A year from now, menthol tobacco products could be gone from convenience store shelves in Minneapolis.
A citywide limit on menthol tobacco sales is closer to becoming city policy, after a City Council committee on Wednesday approved restricting sales to adult-only tobacco shops and liquor stores. Pending approval from the full council on Friday, the restriction will take effect Aug. 1, 2018.
The ordinance is an effort to curb access to a product that historically has been marketed to black smokers and that anti-smoking advocates say makes it easier for young people to start smoking. Menthol is a mint-flavored compound that produces a cooling sensation, masking the harshness of cigarette smoke.
"This is a small policy change that we can make that ensures that in 20 years, we don't have even more stark health disparities than we do today," said Council Member Lisa Bender, who co-authored the ordinance.

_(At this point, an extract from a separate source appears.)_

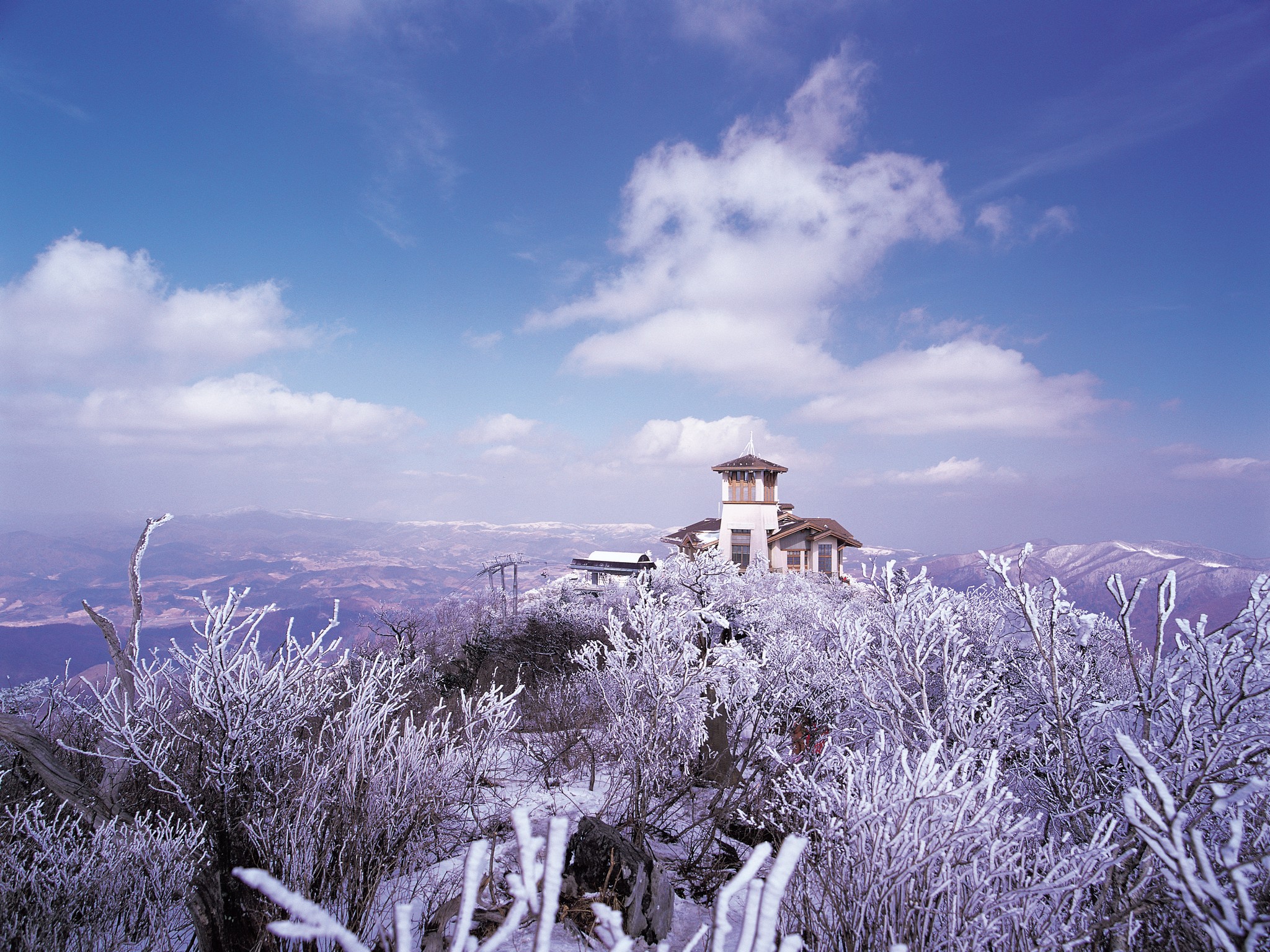 Yongpyong Resort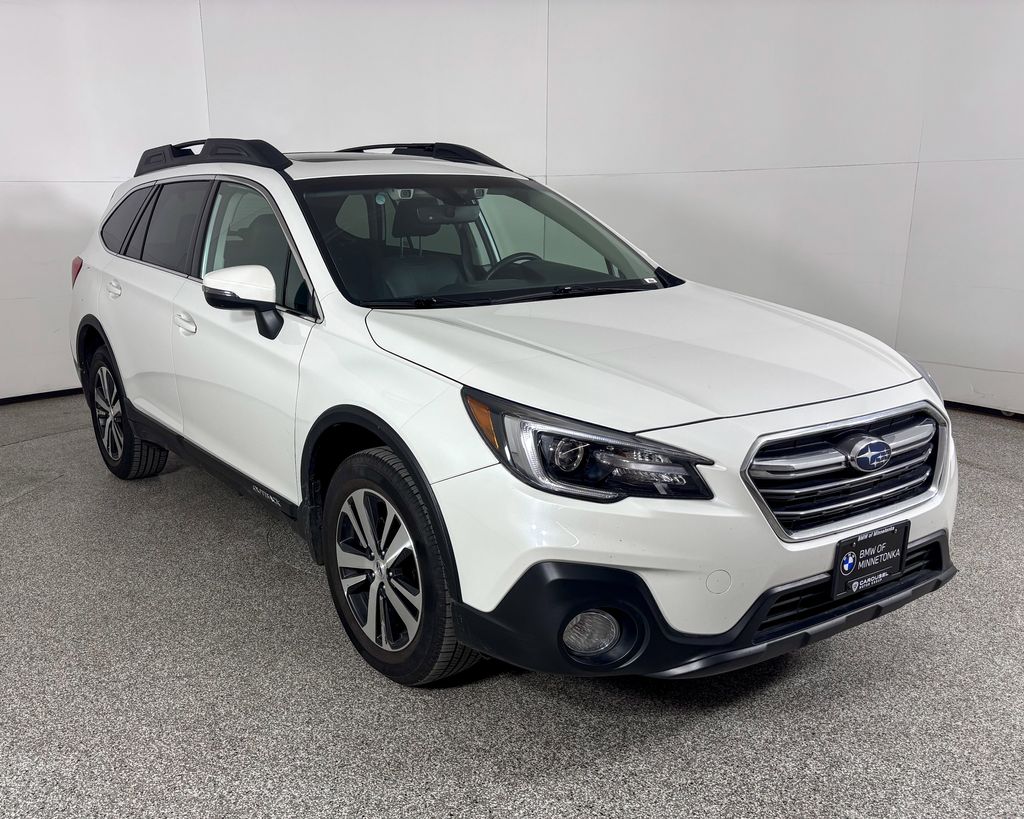 Thumbnail: 2019 Subaru Outback - 4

The proposal has drawn opposition and lobbying resources from retailers and tobacco companies, which have appealed to the community by predicting that an underground tobacco market will emerge and that menthol smokers — who are disproportionately black — will be criminalized.
Chicago and San Francisco have approved menthol tobacco restrictions, but they're relatively new, so the long-term effects are not clear.
In a letter to council members, advocates for restricting menthol — including DFL legislators Sen. Jeff Hayden and Rep. Ilhan Omar of Minneapolis and Rep. Rena Moran of St. Paul — said "the African American community is united behind the menthol restriction."
"Our community has been relentlessly targeted by the tobacco industry with menthol cigarette marketing for decades," the letter said. "It is time for us to break this cycle for the next generation."